Most European and US business travellers are satisfied with their rate allowances for booking hotels, but a solid portion also have expressed a desire for a higher level of allowance, new research has identified.
- While most European and US business travellers are satisfied with their allowances for booking hotels, a solid portion have expressed a desire for a higher allowance;
- Two thirds of respondents to the Global Business Travel Association (GBTA) survey said they would like a higher rate allowance to stay at preferred properties;
- Travellers want ‘frills’ and if they had no limits on amenities within their company policies, premium WiFi, gym passes and food delivery services topped the list.
The Global Business Travel Association (GBTA) in partnership with RoomIt conducted a online survey in Sep-2018 of 131 US travel buyers and 134 in Europe and provides insight to the travelling habits of corporate travellers from both regions for organisations across the world.
“While the vast majority (78%) of business travellers say they are satisfied with their rate allowances for booking hotels, two-thirds (66% ) also say they would like a higher rate allowance to stay at preferred properties that may better meet their needs,” GBTA stated.
The research indicated US business travellers are more likely to book luxury properties, potentially due to travel policies. Roughly 7% of European buyers said they allow luxury properties in their hotel programmes compared with 16% in the US. On average, 8% of UK travellers and 7% of French business travellers book luxury properties compared with 30% in the US.

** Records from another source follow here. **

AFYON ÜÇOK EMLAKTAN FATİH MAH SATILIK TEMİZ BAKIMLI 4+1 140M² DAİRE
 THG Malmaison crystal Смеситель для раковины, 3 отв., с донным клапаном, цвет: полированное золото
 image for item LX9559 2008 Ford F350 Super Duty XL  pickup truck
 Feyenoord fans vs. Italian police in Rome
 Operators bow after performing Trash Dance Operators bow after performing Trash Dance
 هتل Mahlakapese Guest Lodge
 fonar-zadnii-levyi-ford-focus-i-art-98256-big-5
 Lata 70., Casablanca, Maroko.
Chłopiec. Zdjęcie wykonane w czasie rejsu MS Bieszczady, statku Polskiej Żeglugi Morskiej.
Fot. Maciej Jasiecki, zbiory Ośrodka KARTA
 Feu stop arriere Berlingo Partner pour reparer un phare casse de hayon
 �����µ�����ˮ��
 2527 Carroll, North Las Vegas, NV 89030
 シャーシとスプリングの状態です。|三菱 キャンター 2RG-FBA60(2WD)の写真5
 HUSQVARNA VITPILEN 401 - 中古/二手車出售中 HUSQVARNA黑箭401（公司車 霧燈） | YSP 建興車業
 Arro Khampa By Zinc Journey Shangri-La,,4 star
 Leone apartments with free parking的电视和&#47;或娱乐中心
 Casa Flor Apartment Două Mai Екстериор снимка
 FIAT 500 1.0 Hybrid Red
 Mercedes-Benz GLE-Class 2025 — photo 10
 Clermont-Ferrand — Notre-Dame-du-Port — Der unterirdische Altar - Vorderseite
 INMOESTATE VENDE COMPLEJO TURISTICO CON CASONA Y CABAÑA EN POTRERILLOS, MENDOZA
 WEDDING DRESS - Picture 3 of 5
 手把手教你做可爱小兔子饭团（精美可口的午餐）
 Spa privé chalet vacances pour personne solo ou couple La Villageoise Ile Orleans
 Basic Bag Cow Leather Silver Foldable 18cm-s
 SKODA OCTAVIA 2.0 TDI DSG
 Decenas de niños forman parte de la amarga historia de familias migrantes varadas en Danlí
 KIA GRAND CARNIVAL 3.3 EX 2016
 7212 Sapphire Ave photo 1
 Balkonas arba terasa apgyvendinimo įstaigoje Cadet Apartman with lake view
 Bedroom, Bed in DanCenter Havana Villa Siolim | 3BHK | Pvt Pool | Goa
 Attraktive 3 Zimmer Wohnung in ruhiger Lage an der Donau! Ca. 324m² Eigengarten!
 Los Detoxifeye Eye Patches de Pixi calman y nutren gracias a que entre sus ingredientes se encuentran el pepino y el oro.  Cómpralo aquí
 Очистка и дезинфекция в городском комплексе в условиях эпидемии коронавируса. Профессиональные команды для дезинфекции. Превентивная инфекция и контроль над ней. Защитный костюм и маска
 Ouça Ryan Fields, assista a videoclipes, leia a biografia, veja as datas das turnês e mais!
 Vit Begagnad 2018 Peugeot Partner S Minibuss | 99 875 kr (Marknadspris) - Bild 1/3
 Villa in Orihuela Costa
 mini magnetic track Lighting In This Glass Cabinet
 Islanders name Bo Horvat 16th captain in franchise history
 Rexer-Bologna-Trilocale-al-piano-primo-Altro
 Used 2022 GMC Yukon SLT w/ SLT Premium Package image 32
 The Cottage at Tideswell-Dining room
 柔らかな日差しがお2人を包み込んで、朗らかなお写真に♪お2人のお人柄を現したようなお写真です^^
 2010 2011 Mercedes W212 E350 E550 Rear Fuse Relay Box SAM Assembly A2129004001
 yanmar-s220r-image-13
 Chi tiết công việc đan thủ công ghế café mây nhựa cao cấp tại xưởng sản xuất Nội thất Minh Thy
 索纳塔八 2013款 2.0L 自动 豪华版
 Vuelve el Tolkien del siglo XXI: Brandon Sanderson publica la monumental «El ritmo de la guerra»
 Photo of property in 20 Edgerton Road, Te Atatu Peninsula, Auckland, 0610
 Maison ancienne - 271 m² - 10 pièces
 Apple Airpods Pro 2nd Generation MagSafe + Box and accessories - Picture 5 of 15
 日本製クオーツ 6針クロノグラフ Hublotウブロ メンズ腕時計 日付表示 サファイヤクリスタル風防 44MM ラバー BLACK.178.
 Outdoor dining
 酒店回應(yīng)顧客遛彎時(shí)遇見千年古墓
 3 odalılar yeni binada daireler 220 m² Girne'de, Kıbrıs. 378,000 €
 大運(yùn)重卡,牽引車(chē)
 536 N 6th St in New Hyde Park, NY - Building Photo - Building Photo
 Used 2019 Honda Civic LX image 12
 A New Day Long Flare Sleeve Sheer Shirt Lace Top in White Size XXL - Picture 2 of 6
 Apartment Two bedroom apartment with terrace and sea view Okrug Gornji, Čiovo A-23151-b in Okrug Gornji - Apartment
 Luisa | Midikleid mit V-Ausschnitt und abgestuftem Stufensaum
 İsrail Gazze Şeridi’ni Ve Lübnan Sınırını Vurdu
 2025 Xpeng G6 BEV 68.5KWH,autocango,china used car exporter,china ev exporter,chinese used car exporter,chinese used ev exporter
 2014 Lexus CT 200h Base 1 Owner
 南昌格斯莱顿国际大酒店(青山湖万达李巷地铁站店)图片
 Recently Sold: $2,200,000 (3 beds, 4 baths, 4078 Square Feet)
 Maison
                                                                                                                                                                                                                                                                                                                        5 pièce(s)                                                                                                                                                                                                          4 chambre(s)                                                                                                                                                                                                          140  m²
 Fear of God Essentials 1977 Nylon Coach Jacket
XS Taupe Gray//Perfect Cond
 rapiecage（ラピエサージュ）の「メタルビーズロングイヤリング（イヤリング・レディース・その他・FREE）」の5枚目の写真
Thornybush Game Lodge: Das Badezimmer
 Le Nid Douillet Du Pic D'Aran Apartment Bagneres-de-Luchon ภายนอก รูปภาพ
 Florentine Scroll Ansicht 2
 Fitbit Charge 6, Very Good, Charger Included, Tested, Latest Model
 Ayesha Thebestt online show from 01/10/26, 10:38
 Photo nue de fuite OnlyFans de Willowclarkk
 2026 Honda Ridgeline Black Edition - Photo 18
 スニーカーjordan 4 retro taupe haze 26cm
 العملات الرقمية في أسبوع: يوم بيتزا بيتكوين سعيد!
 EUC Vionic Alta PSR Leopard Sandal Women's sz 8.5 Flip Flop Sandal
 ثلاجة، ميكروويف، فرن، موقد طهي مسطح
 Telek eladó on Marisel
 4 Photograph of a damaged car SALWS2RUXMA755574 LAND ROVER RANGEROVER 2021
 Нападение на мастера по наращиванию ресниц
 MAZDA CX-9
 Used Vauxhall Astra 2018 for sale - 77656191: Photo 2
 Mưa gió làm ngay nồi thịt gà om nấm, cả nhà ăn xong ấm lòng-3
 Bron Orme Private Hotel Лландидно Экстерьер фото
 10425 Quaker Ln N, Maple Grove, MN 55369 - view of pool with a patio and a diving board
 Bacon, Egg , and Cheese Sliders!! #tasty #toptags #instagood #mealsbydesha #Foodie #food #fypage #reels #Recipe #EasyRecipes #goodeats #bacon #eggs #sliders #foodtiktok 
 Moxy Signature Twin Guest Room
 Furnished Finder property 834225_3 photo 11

“The trend of US travellers booking luxury out of policy may be related to higher dissatisfaction with rate allowance,” GBTA concluded.
The association’s research showed travellers want to use amenities not always included in their travel policy, which leaves room for increased satisfaction. More than three quarters would like bundled rates that include multiple amenities even if the rate is slightly higher.
“Travellers often book bundled rates with the belief that doing so ultimately contributes to cost-savings goals, although that may not necessarily be the case,” the association stated.
CHART – The research shows that American and European business travellers want to use amenities that aren’t always included in their travel policySource: Global Business Travel Association (GBTA) survey, in partnership with RoomIt
If travellers had no limits on amenities within their company policies, premium WiFi, gym passes and food delivery services topped the list.
Perhaps unsurprisingly, an inability to earn loyalty points could drive traveller dissatisfaction. Roughly 71% of survey respondents believe if they give up their time to travel, they should have an ability to earn loyalty points. Just over half, 51%, would risk being reprimanded for booking outside of policy if it meant they could book a hotel and earn loyalty points.
The ability to build up loyalty points seems more important to US travellers; about 15% of corporate travellers in the country conclude the ability to earn loyalty points is a factor in choosing where to book. Approximately 52% said they would never consider booking a hotel where they could not earn loyalty points compared to 37% in France and 31% in the UK.